About Incremental k-Anonymous Microaggregation of Large-Scale Datasets

Marc, Izan, Oriol and my colleagues at T2C and Danone, Enric, Raúl and Joan. Carles, who believe .. Having the resourcefulness to handle 1 mil-.

Detailed Information

Author:	César Hernández Baigorri
Publication Year:	2016
Pages:	68
Language:	English
File Size:	1.74
Format:	PDF
Price:	FREE

Download Free PDF

Safe & Secure Download - No registration required

Why Choose PDFdrive for Your Free Incremental k-Anonymous Microaggregation of Large-Scale Datasets Download?

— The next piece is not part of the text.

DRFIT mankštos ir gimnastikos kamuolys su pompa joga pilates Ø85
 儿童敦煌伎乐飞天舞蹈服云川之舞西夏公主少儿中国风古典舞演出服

100% Free: No hidden fees or subscriptions required for one book every day.
No Registration: Immediate access is available without creating accounts for one book every day.
Safe and Secure: Clean downloads without malware or viruses
Multiple Formats: PDF, MOBI, Mpub,... optimized for all devices
Educational Resource: Supporting knowledge sharing and learning

Frequently Asked Questions

Is it really free to download Incremental k-Anonymous Microaggregation of Large-Scale Datasets PDF?

Yes, on https://PDFdrive.to you can download Incremental k-Anonymous Microaggregation of Large-Scale Datasets by César Hernández Baigorri completely free. We don't require any payment, subscription, or registration to access this PDF file. For 3 books every day.

How can I read Incremental k-Anonymous Microaggregation of Large-Scale Datasets on my mobile device?

After downloading Incremental k-Anonymous Microaggregation of Large-Scale Datasets PDF, you can open it with any PDF reader app on your phone or tablet. We recommend using Adobe Acrobat Reader, Apple Books, or Google Play Books for the best reading experience.

Is this the full version of Incremental k-Anonymous Microaggregation of Large-Scale Datasets?

Yes, this is the complete PDF version of Incremental k-Anonymous Microaggregation of Large-Scale Datasets by César Hernández Baigorri. You will be able to read the entire content as in the printed version without missing any pages.

Is it legal to download Incremental k-Anonymous Microaggregation of Large-Scale Datasets PDF for free?

https://PDFdrive.to provides links to free educational resources available online. We do not store any files on our servers. Please be aware of copyright laws in your country before downloading.

The materials shared are intended for research, educational, and personal use in accordance with fair use principles.